Cavan well represented at Young Scientists expo

Friday, 12th January, 2018 2:07pm

Cavan well represented at Young Scientists expo

BT Young Scientist & Technology Exhibition 2018- STAND 1535 Emily Murphy and Grainne Walsh from Virginia College Cavan and their project 'Investigate how all the senses combine together to influence taste' at the BT Young Scientist & Technology Exhibition 2018 in the RDS Dublin.
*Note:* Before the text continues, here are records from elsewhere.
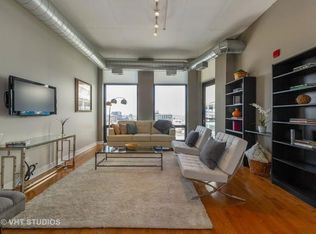 740 W Fulton St APT 612, Chicago, IL 60661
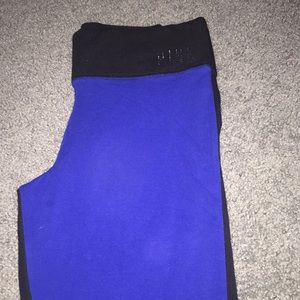 PINK yoga leggings size M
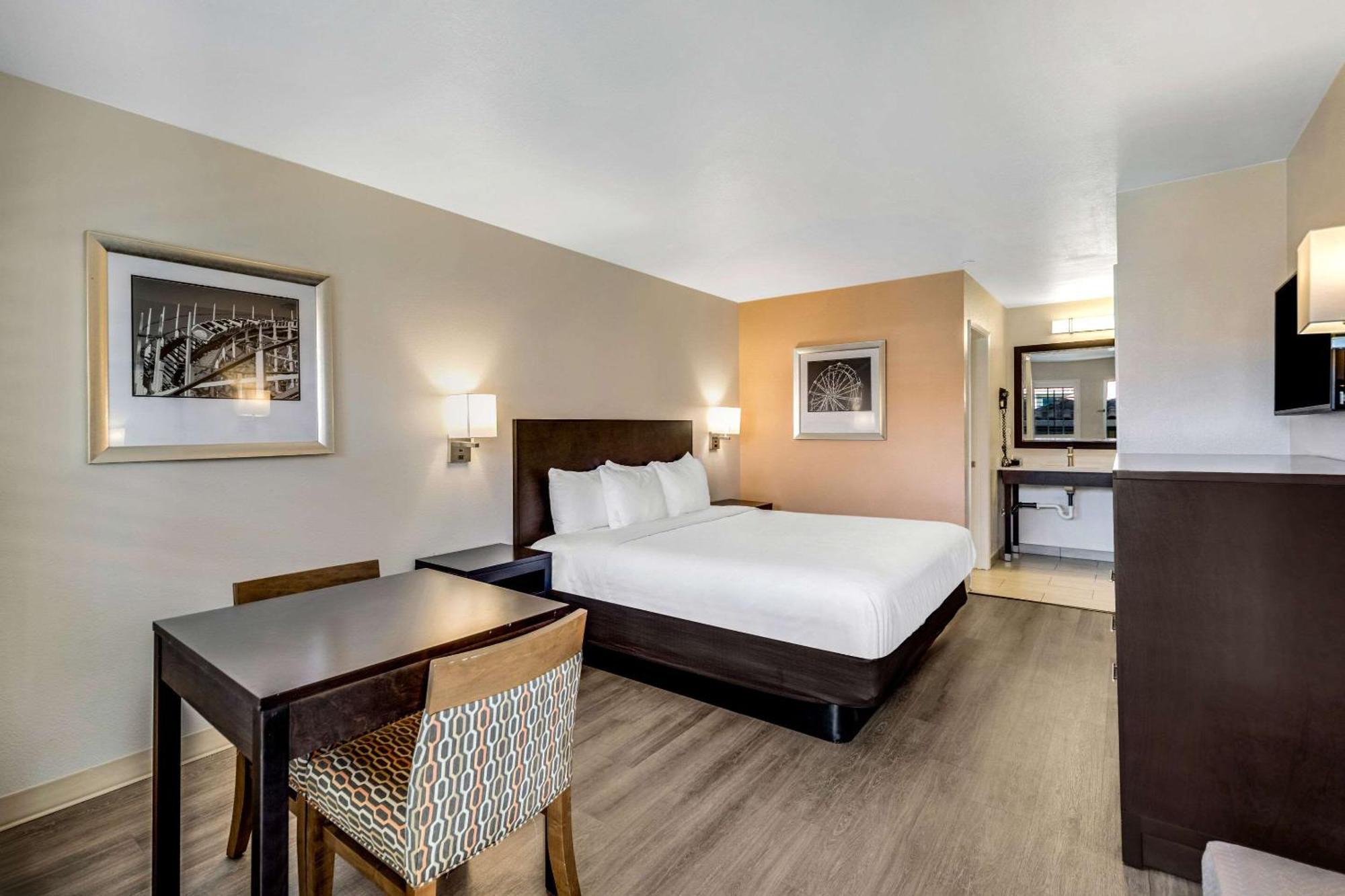 Comfort Inn Boardwalk Santa Cruz Exterior photo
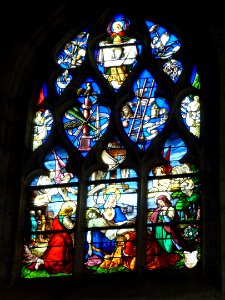 Église_Saint-Pierre-et-Saint-Paul_du_Neubourg,_vitrail_02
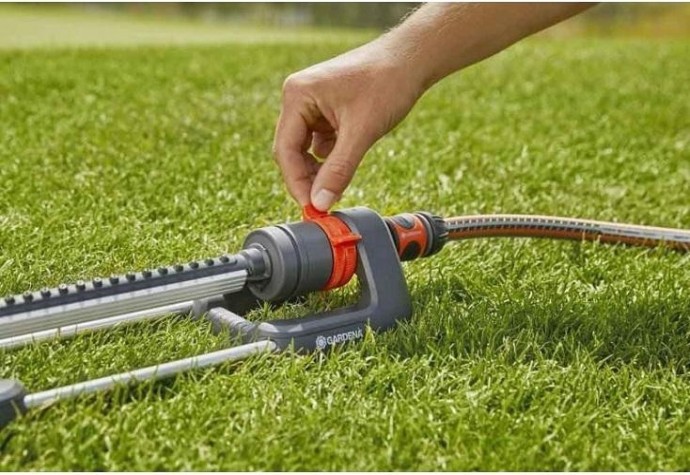 Дождеватель осциллирующий GARDENA Aqua M 18702-20.000.00 [18702-20.000.00]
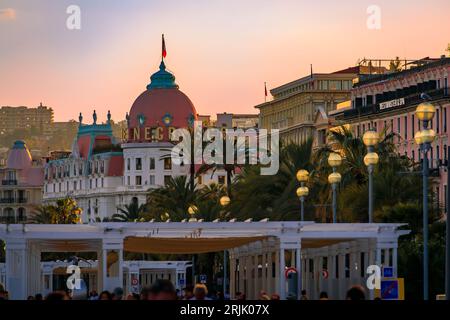Nizza, Frankreich - 25. Mai 2023: Farbenfrohe Sonnenuntergangslandschaft mit dem berühmten Luxushotel Negresco an der Promenade des Anglais, einem Symbol der französischen Riviera Stockfoto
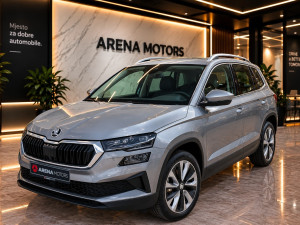 Škoda Karoq 2.0 TDI DSG Style Virtual Kamera Matrix Facelift 2023
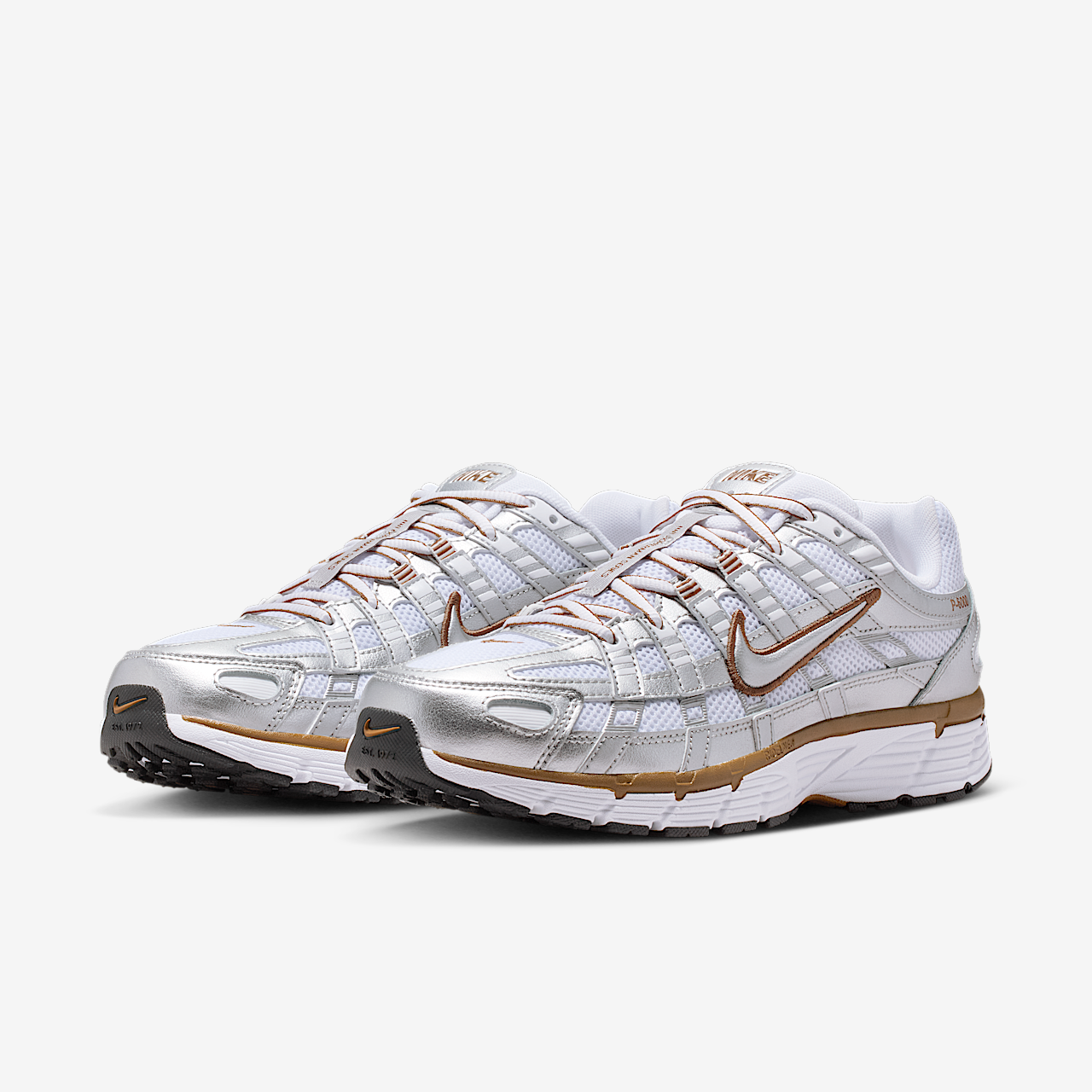 Nike P-6000 sneaker Wit/Light British Tan/Sail/Metallic Silver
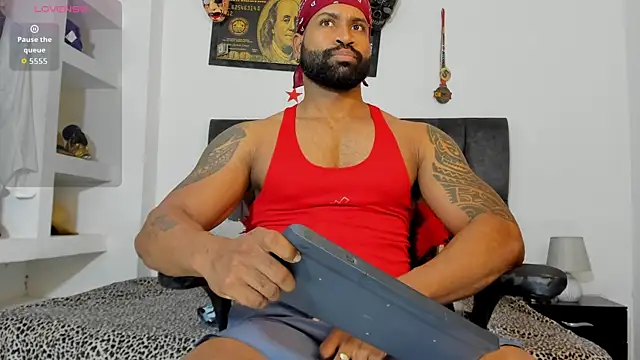 MattRodriguez9 online show from December 13, 2025, 8:04 pm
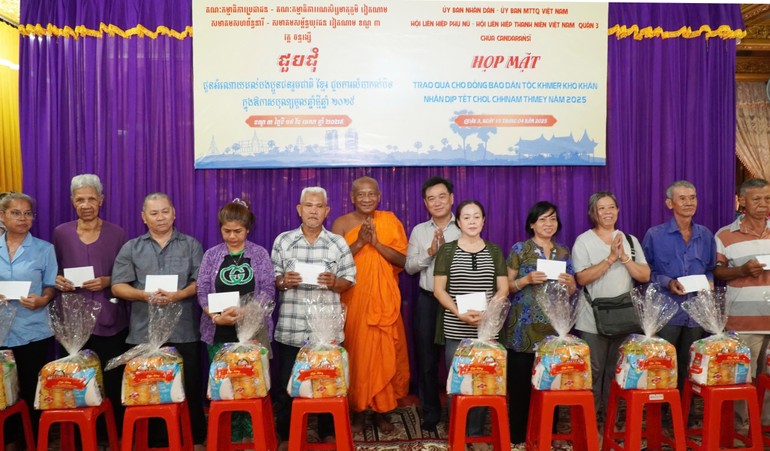 Hòa thượng Danh Lung, trụ trì chùa Candaransi; ông Huỳnh Gia Giang, Chủ tịch UBMTTQVN Q.3 trao quà đến bà con Khmer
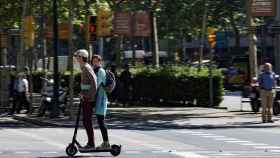 Dos usuarios en un patinete eléctrico circulando por Barcelona / ARCHIVO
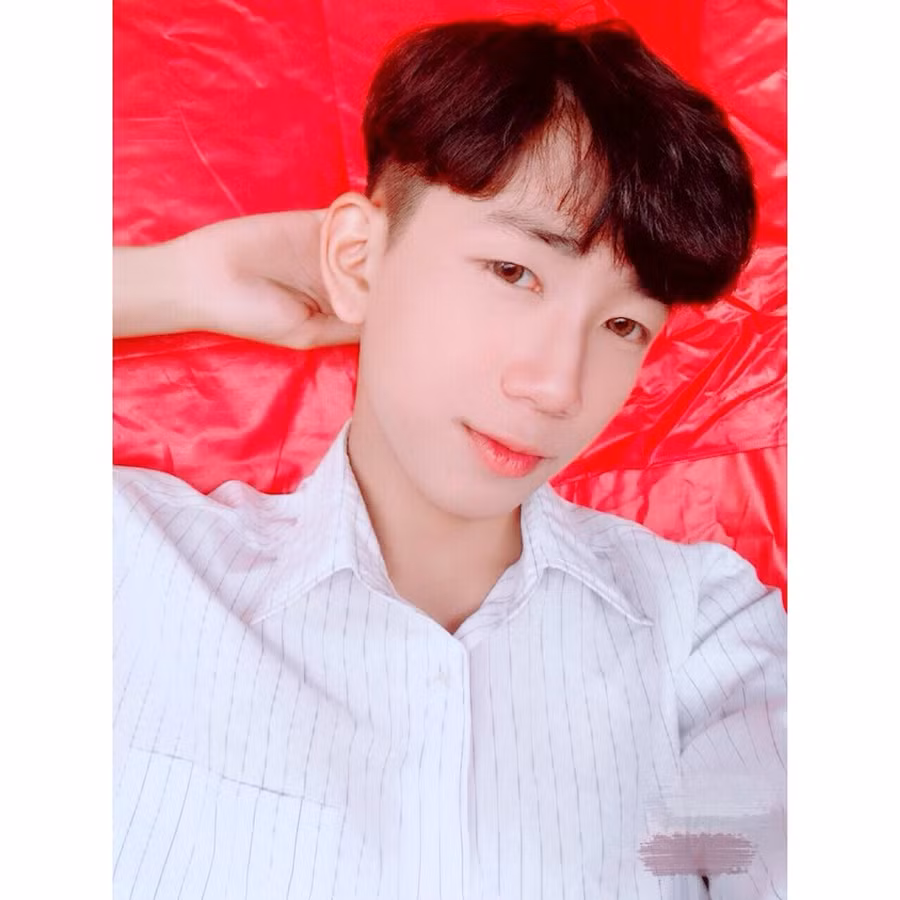 Nam sinh Long An sở hữu vẻ ngoài như tài tử Hàn ảnh 5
Photo Peter Houliha


Environmental, economic and societal issues are just some of the issues seized upon young pupils at schools across Co Cavan competing at the BT Young Scientists Exhibition.

A total of 550 projects made it to exhibition stage this year, among them representing four schools from Co Cavan- St Bricin's, Belturbet; Breifne College, Cavan; Dun na Ri College, Kingscourt; and Virginia Vocational College.

Aimee Reilly who completed a statistical investigation of traffic which identified one third of all drivers in Kingscourt incorrectly use roundabouts is one of seven projects to emerge from Colaiste Dun an Ri in Kingscourt.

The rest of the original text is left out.